::: Recorded information :::

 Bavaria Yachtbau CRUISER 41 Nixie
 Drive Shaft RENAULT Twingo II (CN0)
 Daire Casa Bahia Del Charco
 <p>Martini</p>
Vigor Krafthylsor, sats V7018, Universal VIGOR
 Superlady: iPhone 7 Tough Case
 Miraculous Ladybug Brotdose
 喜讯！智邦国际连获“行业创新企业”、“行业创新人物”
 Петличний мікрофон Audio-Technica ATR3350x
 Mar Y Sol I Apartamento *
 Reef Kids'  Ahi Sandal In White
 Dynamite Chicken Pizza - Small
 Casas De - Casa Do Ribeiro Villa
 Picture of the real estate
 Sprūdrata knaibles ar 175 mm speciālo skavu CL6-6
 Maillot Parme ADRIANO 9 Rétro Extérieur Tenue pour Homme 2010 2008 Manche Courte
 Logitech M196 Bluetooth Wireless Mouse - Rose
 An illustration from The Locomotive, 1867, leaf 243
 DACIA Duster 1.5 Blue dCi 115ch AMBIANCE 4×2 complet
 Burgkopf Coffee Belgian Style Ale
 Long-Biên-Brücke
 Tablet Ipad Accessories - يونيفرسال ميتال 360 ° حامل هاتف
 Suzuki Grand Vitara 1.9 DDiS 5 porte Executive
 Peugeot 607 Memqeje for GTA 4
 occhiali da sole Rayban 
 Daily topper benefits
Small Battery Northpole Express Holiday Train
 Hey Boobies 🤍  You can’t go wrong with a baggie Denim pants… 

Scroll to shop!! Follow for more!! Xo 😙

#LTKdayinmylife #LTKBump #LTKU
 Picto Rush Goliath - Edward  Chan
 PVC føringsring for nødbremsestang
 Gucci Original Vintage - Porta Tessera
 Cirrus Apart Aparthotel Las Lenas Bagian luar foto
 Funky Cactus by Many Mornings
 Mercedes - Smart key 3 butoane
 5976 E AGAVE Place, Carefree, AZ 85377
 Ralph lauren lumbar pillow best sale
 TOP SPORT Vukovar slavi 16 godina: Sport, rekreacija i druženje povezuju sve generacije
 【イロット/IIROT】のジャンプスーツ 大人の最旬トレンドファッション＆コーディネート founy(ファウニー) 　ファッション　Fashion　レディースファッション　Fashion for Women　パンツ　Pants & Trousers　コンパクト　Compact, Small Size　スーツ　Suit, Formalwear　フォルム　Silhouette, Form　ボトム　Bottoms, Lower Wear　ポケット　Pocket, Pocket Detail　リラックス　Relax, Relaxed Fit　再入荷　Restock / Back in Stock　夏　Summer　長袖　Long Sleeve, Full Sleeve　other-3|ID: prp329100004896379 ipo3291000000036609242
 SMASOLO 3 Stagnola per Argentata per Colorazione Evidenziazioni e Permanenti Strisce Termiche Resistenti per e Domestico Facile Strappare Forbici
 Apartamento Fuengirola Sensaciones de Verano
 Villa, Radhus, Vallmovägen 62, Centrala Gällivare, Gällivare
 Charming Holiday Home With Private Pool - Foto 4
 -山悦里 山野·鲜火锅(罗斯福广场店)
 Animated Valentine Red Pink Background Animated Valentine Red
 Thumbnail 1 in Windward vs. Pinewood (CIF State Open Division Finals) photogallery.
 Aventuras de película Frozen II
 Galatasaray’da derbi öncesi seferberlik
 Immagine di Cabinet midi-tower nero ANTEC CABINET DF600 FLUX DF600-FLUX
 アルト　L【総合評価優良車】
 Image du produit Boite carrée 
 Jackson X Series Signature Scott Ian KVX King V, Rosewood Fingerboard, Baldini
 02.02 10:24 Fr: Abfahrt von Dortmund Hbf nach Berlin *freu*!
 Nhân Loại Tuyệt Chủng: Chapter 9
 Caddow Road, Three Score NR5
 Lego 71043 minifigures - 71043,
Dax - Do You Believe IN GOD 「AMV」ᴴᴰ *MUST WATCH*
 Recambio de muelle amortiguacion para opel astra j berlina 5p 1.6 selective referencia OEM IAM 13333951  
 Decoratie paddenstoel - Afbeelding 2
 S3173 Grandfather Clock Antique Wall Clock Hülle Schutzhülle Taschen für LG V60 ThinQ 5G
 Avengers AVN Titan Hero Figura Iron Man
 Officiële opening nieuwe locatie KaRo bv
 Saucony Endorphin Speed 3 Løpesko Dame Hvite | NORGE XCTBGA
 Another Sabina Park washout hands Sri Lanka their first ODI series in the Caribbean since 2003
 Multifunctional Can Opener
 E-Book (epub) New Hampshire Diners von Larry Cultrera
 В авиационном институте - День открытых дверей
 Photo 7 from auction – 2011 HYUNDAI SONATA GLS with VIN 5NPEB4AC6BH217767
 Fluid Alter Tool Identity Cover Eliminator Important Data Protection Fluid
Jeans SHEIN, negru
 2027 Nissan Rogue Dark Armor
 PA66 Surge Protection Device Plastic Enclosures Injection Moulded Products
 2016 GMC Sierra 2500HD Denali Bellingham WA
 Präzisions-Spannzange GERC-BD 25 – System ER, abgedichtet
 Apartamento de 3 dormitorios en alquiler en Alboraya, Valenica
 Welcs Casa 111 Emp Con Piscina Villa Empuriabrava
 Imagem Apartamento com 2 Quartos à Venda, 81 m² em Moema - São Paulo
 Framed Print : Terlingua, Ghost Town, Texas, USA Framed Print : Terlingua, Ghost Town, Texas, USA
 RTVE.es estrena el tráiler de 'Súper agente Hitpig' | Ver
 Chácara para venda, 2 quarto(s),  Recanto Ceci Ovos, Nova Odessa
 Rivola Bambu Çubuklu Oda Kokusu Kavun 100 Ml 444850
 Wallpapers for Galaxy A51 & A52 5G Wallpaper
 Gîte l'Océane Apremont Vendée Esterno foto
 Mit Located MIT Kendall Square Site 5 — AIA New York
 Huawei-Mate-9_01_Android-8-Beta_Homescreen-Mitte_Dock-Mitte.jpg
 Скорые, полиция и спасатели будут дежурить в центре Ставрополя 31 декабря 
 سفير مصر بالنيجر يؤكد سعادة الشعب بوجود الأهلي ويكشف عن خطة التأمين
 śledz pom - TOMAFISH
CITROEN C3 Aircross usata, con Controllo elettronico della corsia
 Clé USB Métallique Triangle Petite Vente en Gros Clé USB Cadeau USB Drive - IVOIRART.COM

:::

> Your task
Find the word "Holiday" in the entries above, then copy each line that holds it.

> Reply
Small Battery Northpole Express Holiday Train
 Charming Holiday Home With Private Pool - Foto 4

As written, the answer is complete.